Wagner called it “the most perfect opera there is.” Impressive coming from him. Wagner was Mozart’s greatest admirer. Don Giovanni is a very simple story of a lecherous fool who enjoys having affairs with any woman who takes his fancy. Some have claimed it to be a self-indictment of the composer, who was something of a womanizer. At the end, Don Giovanni is interrupted during supper by the ghost of a man he killed in order to escape, after having sex with that man’s daughter. The ghost demands him to repent, and Giovanni refuses several times. Demons appear and drag him to Hell. Then the rest of the characters appear in the last scene and perform an ensemble soliloquy making fun of him as a sinner. This opera is the essence of balance, among orchestra, chorus, soloists, even between music and drama. The music typically overshadows the drama, but not in this one, and it’s as mesmerizing and enchanting the thousandth time as the first.

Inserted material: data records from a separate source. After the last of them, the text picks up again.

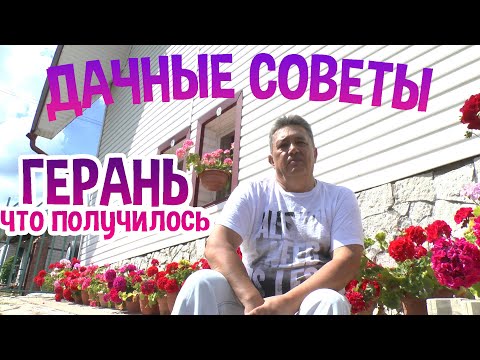 Видео: ДАЧНЫЕ СОВЕТЫ - ЛУЧШИЙ СПОСОБ РАЗМНОЖЕНИЯ ГЕРАНИ часть 4 /ЧТО ПОЛУЧИЛОСЬ/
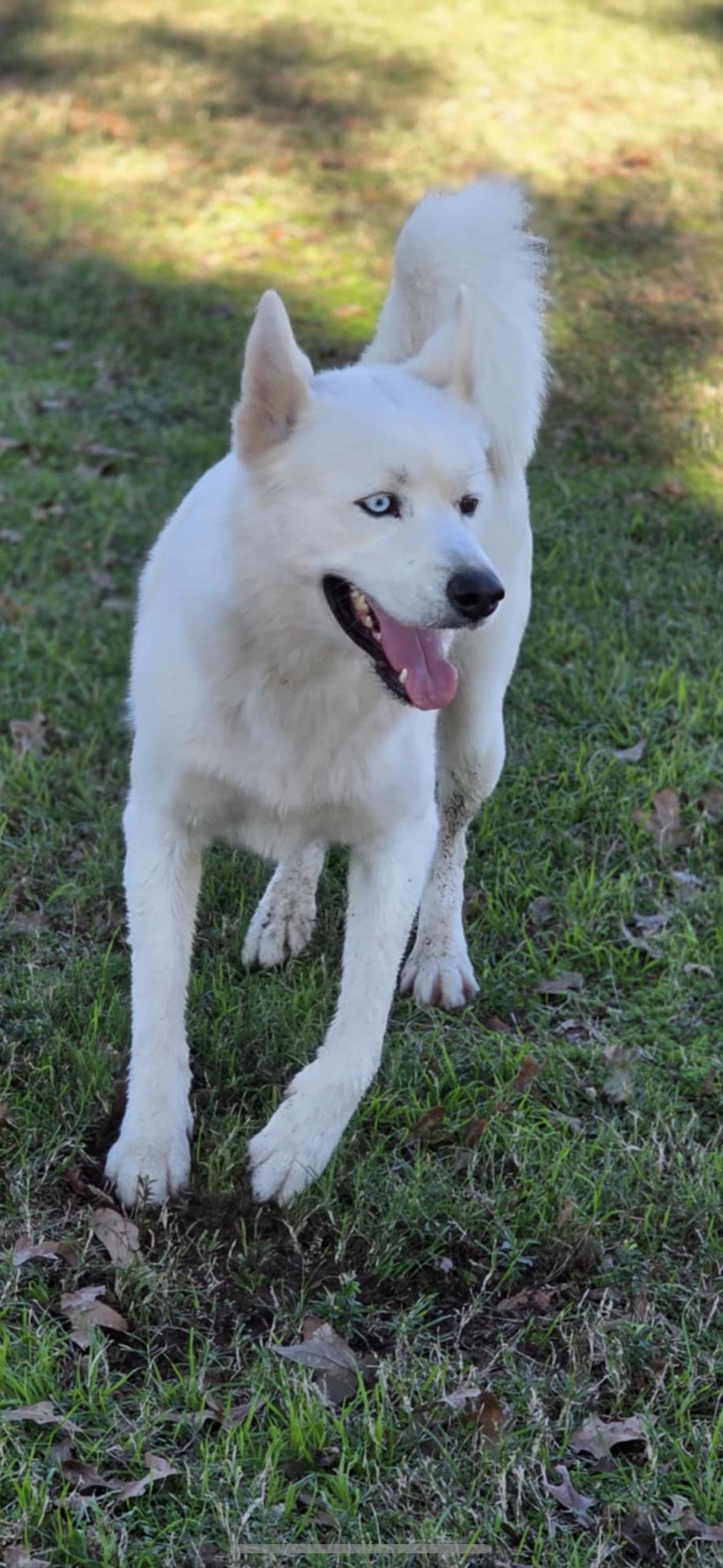 Enlarge Fenn, a Adoptable Siberian Husky in Madison, VA image 3/3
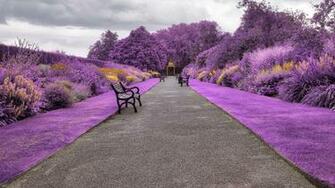 Belfast Botanic Gardens In Northern Ireland 1440p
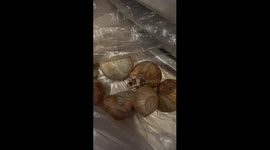 My first experience with frozen snails in the oven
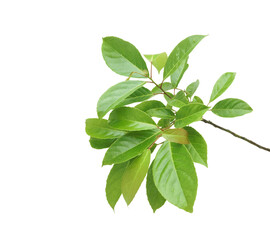 Fototapeta na wymiar Branch of Indian olive-green leaves isolated on transparent background.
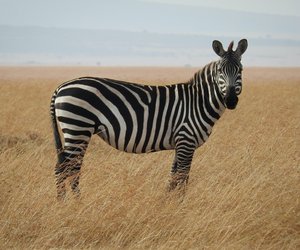 Wo leben Zebras? Interessantes über die Gestreiften Freunde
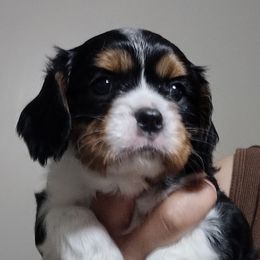 Cavalier King Charles Spaniels, Cavapoos, and Poodles from Marta's Cavaliers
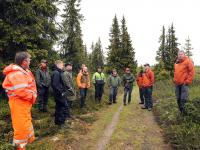 Ny forskrift om vernskog på trappene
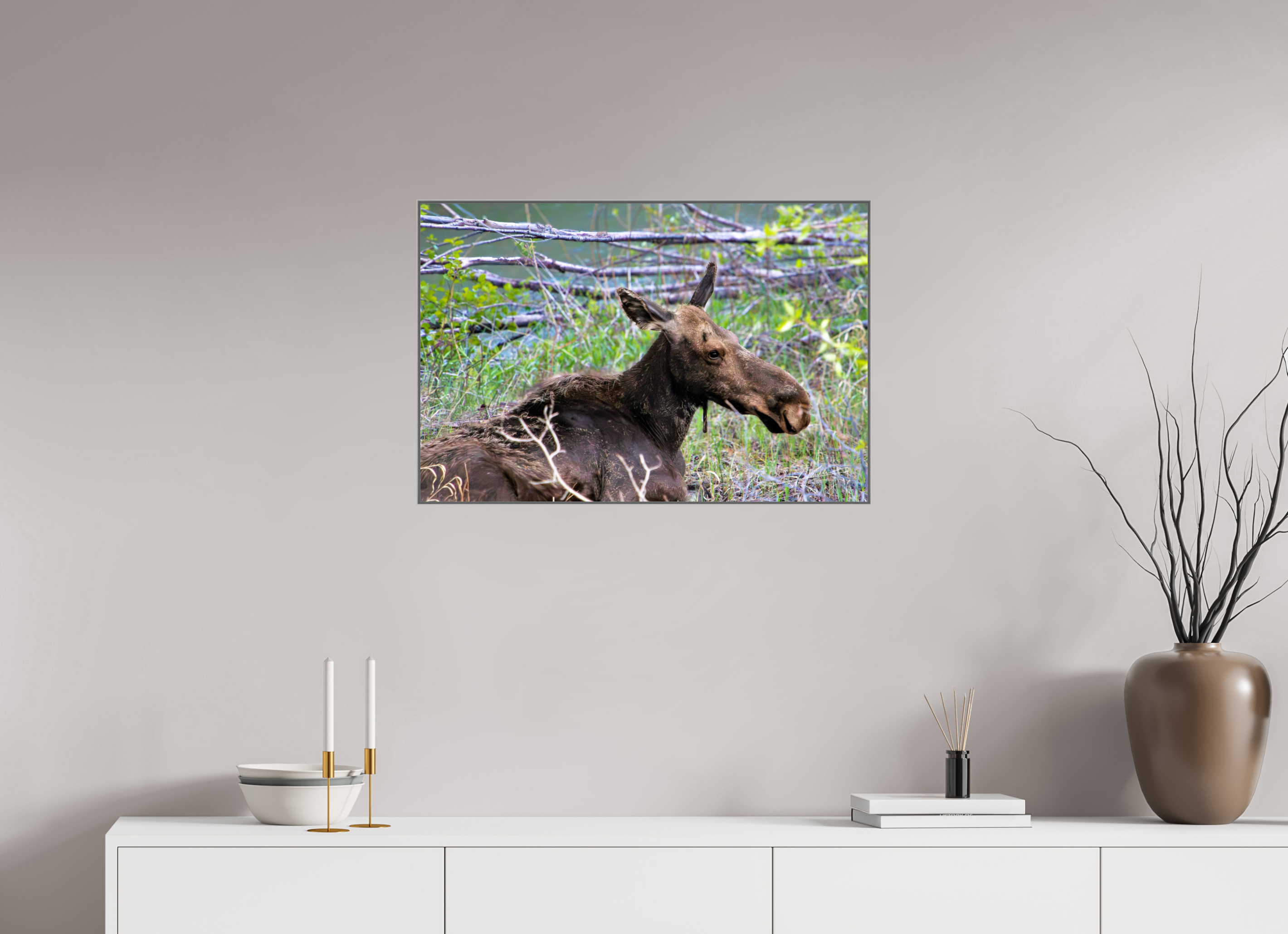 30 x 20″, Aluminum ArtBox Moose Relaxing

Many musicologists consider it the finest achievement in all of music. Bach never intended it to be performed, but wanted to suit his own curiosity as to whether he had mastered every aspect of music composition at his time. As a result, this Mass has everything Baroque in it: 4, 5, and 6 part choruses, solos, fugues, general contrapuntal mastery par excellence. It is one of the few missa toti in existence, that is, the entire Latin Mass set to music. Most masses, including those by Mozart, Beethoven, Schubert, etc., are abbreviated versions of the whole litany. The Mass in b minor, consequently, is one of the longest ever written, requiring about 2 hours to perform. It even incorporates numerology, one of Bach’s hobbies, into its music. The Crucifixus chorus is based on a melody that, when transcribed to a Cartesian plane, forms a cross. The Mass is comprised in large part of cantatas and other sacred works which Bach wrote earlier in his life, and revised for inclusion as a chorus here, a solo there. He wrote several sections expressly for the Mass, and they are among his last works, most of them in the Credo section. If you are not particularly enthusiastic about such complex music, you’ll probably find his glorious Sanctus the easiest to enjoy.